分类: PERL
2014-01-20 11:33:47
1.10.1 问题描述
你有一个Unicode的字符串,但是希望Perl按照八字节方式处理(例如,计算字符串长度或是对I/O的使用上)
1.10.2 解决方案
使用“use bytes”编译符可以使perl在词法作用于内的操作将字符串按照八字节处理。当你的代码直接调用perl的对字符不敏感的函数时,可以用这个编译符号
$ff = "\x{FB00}"; # ff ligature
$chars = length($ff); # length is one character
{
use bytes; # force byte semantics
$octets = length($ff); # length is two octets
}
$chars = length($ff); # back to character semantics
Alternatively, the Encode module lets you convert a Unicode string to a string of octets, and back again.

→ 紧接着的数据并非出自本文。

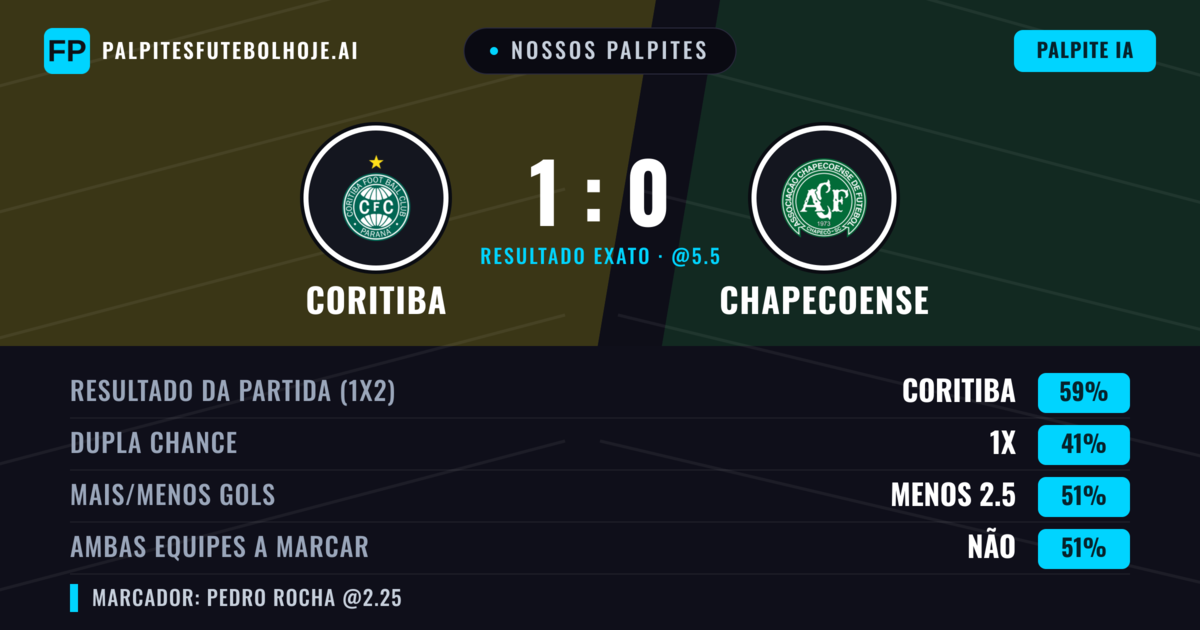 Nossos palpites: Coritiba vs Chapecoense — Coritiba — Vencer (58%); Menos 2.5; Ambos marcam: Não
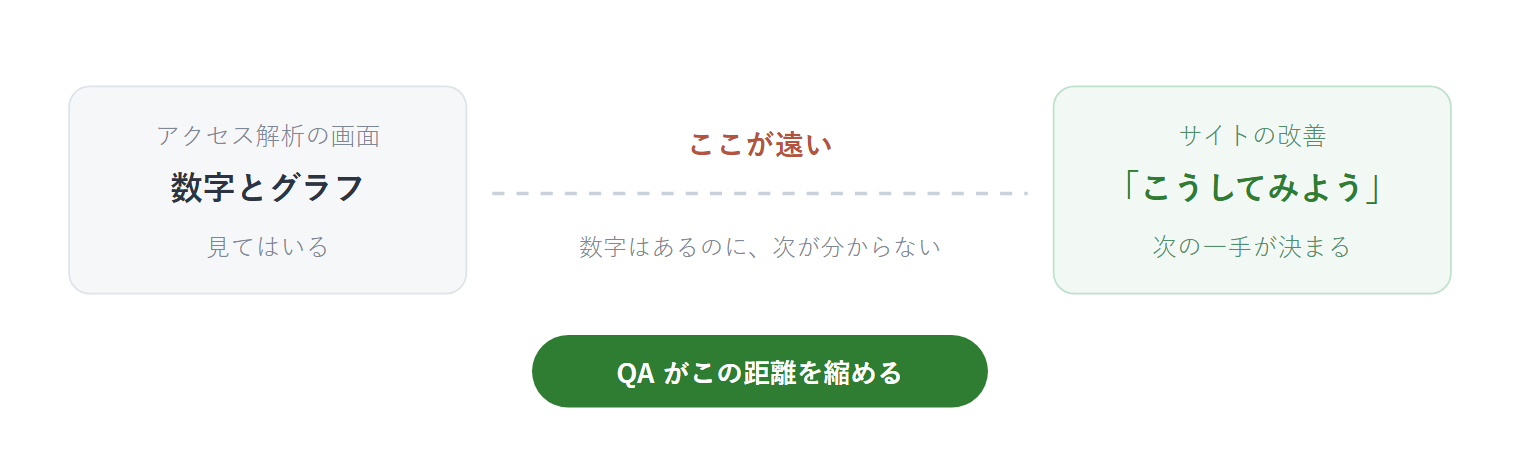数字と次の一手のあいだにある距離を、QA が縮める図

Use it when the character-aware code isn't in your lexical scope:
“Encode”编码模块可以允许Unicode字符串和八字节的相互转换,当代码的词法作用域中没有对字符不敏感的代码时可以使用这个模块
use Encode qw(encode_utf8);
sub somefunc; # defined elsewhere
$ff = "\x{FB00}"; # ff ligature
$ff_oct = encode_utf8($ff); # convert to octets
$chars = somefunc($ff); # work with character string
$octets = somefunc($ff_oct); # work with octet string